### Try it
Give the data below again exactly, and drop each picture from it.
** Opening Data supplied block **
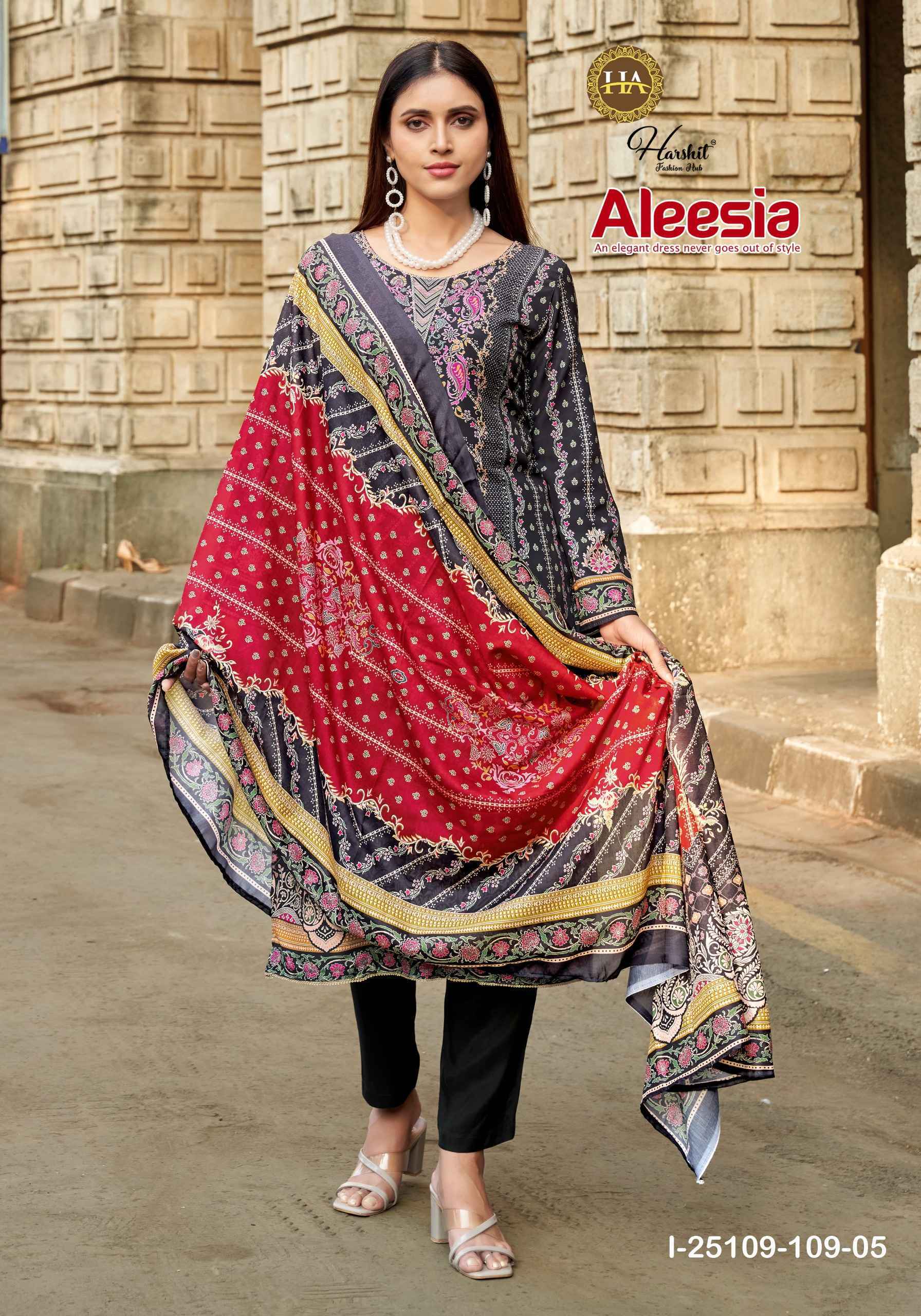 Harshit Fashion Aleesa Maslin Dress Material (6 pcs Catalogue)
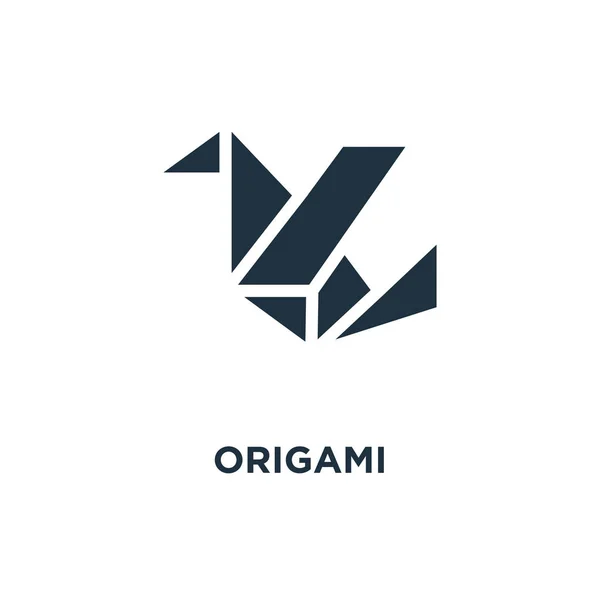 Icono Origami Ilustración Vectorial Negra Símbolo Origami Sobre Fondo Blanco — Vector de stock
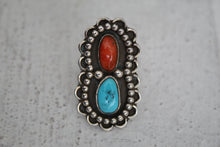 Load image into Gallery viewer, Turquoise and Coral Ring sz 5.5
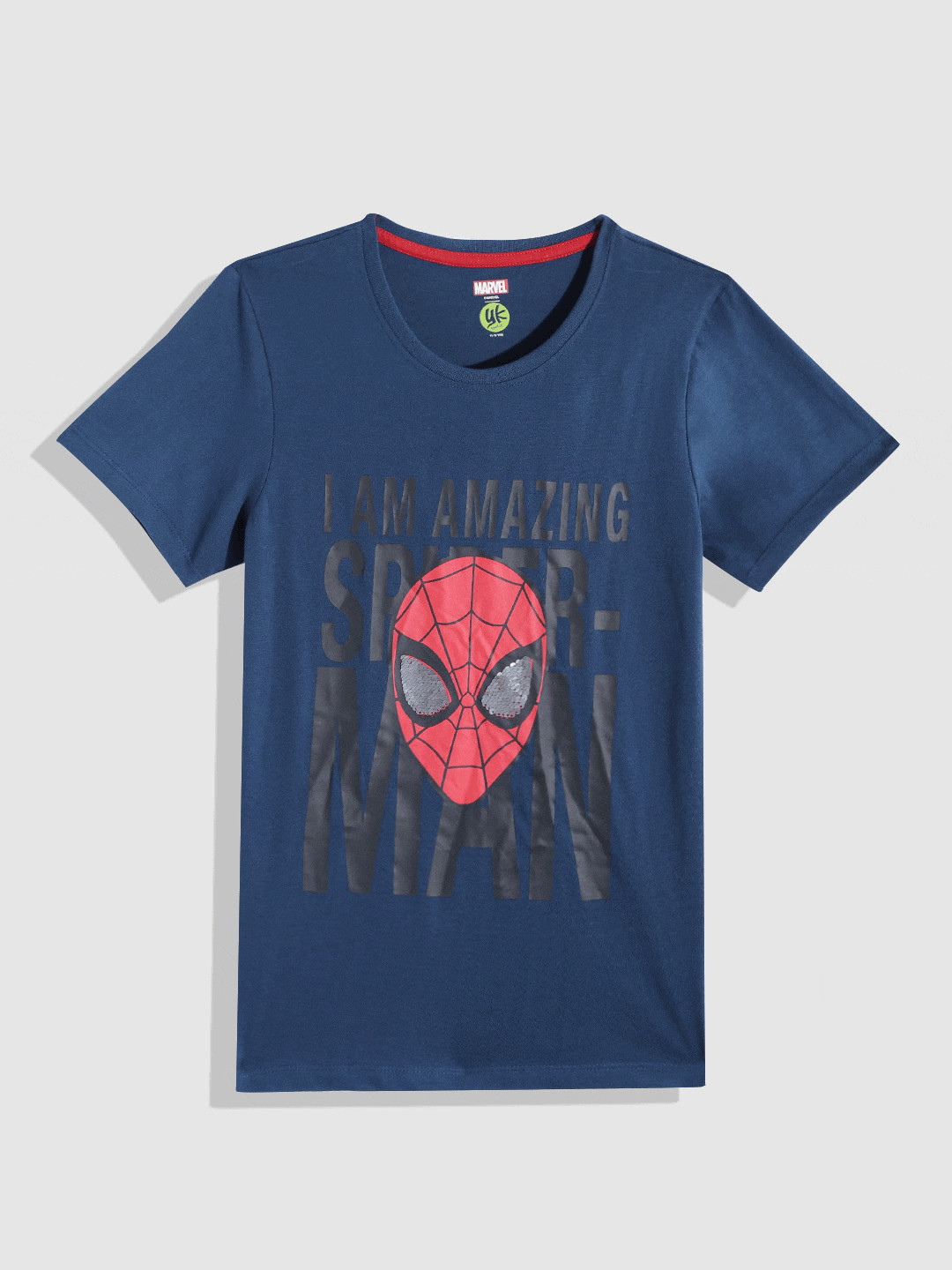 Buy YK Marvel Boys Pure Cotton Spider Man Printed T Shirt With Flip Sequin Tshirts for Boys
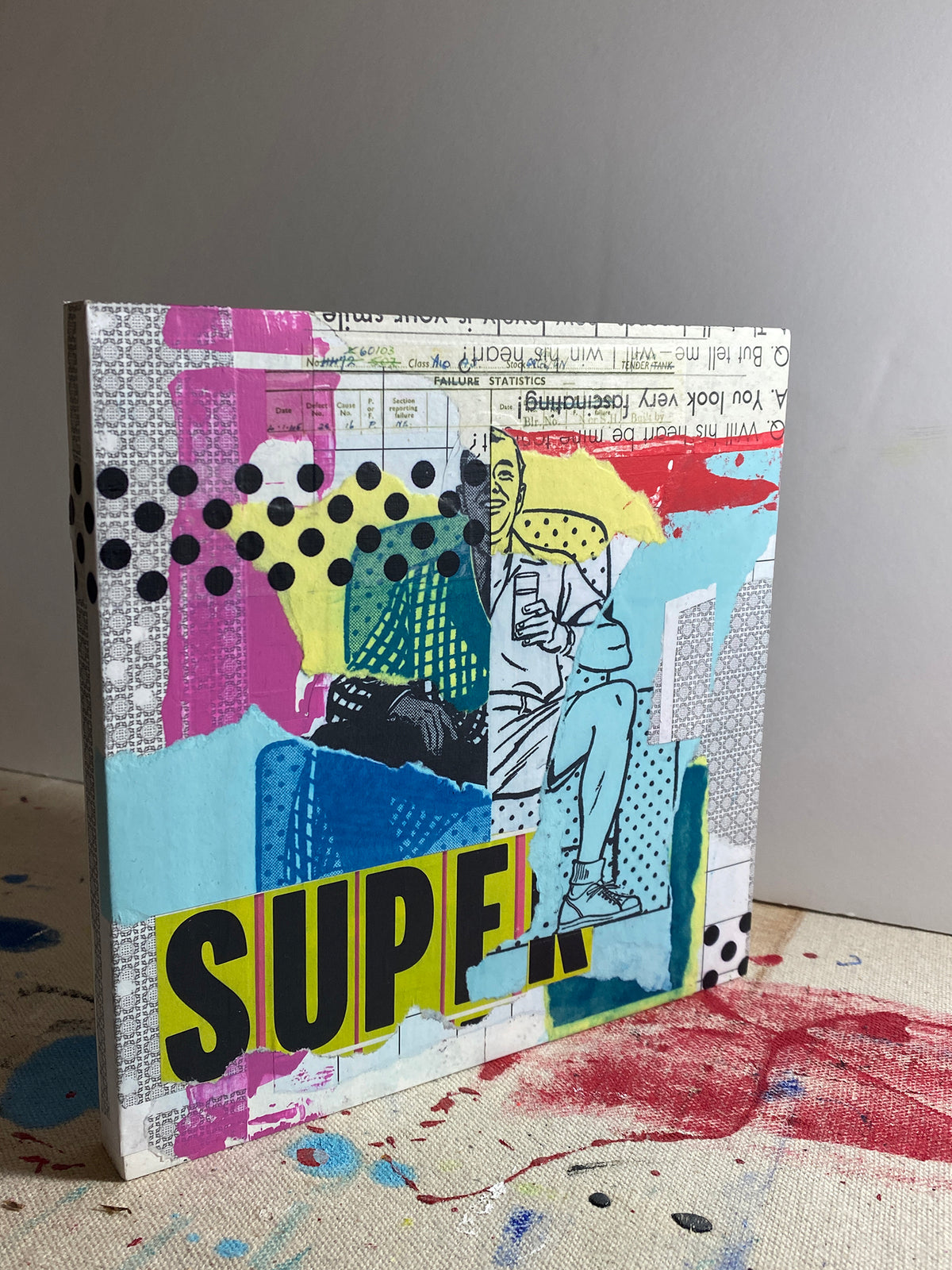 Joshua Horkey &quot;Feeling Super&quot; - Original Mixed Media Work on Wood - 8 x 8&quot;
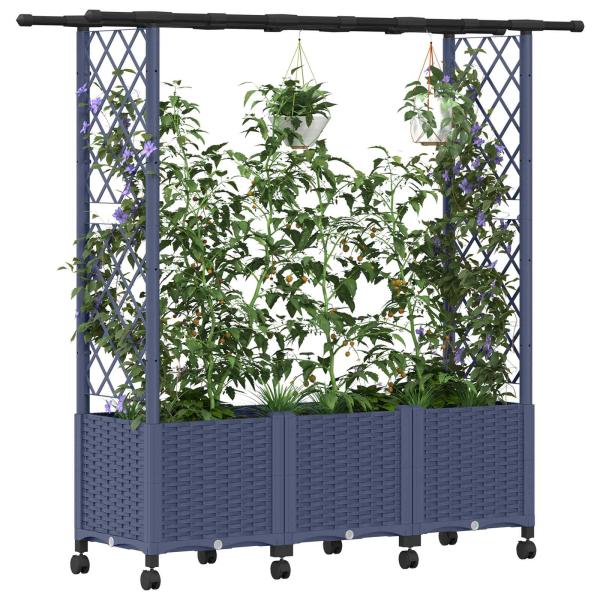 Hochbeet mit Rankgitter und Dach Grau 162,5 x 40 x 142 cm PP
** Closing Data supplied block **
### Completed exercise
 Harshit Fashion Aleesa Maslin Dress Material (6 pcs Catalogue)
 Icono Origami Ilustración Vectorial Negra Símbolo Origami Sobre Fondo Blanco — Vector de stock
 Load image into Gallery viewer, Turquoise and Coral Ring sz 5.5
 Buy YK Marvel Boys Pure Cotton Spider Man Printed T Shirt With Flip Sequin Tshirts for Boys
 Joshua Horkey &quot;Feeling Super&quot; - Original Mixed Media Work on Wood - 8 x 8&quot;
 Hochbeet mit Rankgitter und Dach Grau 162,5 x 40 x 142 cm PP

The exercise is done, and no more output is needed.